In October, the Council for Exceptional Children’s Division for Early Childhood (DEC) honored recipients of the DEC Awards at their Annual International Conference on Young Children with Special Needs and Their Families. These awards are conferred upon individuals who are making a difference in the lives of young children with disabilities and their families. A number of NCSER-funded Principal Investigators (PIs) were among those honored by the DEC.
Kathleen Hebbeler (left) was one of two recipients of the Mary McEvoy Service to the Field Award, which recognizes an individual who has made significant national or international contributions to the field of early childhood special education. Dr. Hebbeler, of SRI International, has served as the PI on two NCSER-funded awards. She explored participation in and characteristics of early intervention services that predict child outcomes in kindergarten using data from the National Early Intervention Longitudinal Study. She also examined the reliability and validity of the Child Outcomes Summary Form, a tool used by many states in reporting annual child progress for the Individuals with Disabilities Education Act (IDEA) preschool programs.
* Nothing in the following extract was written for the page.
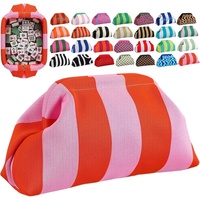 Pochette Mahjong en tricot nuage rayé avec logo personnalisé, rangement résistant à l'eau à blocs de couleur pour tuiles de Mahjong américain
Karin Lifter (center) was the recipient of the Merle B. Karnes Award for Service to the Division for Early Childhood. This award recognizes an individual who has made a significant contribution to DEC in areas of leadership, service, research, advocacy, or publications. With NCSER funding, Dr. Lifter, of Northeastern University, has been validating the Developmental Play Assessment, an instrument designed to generate a profile of a child’s skills in play for progress monitoring and instructional planning.
Michaelene M. Ostrosky (right) was awarded the DEC Award for Mentoring, an honor that recognizes an individual who has provided significant guidance to the development of students and/or new practitioners in the field. This award highlights the importance of training and guiding the next generation of leaders in the field. Dr. Ostrosky, of the University of Illinois at Urbana-Champaign, served as PI on a project to evaluate the efficacy of Special Friends, a class-wide kindergarten program designed to improve the social outcomes of children with disabilities. She is currently serving as co-PI on a project that is developing a class-wide motor skills intervention for preschool children with developmental disabilities, called CHildren in Action: Motor Program for PreschoolerS (CHAMPPS).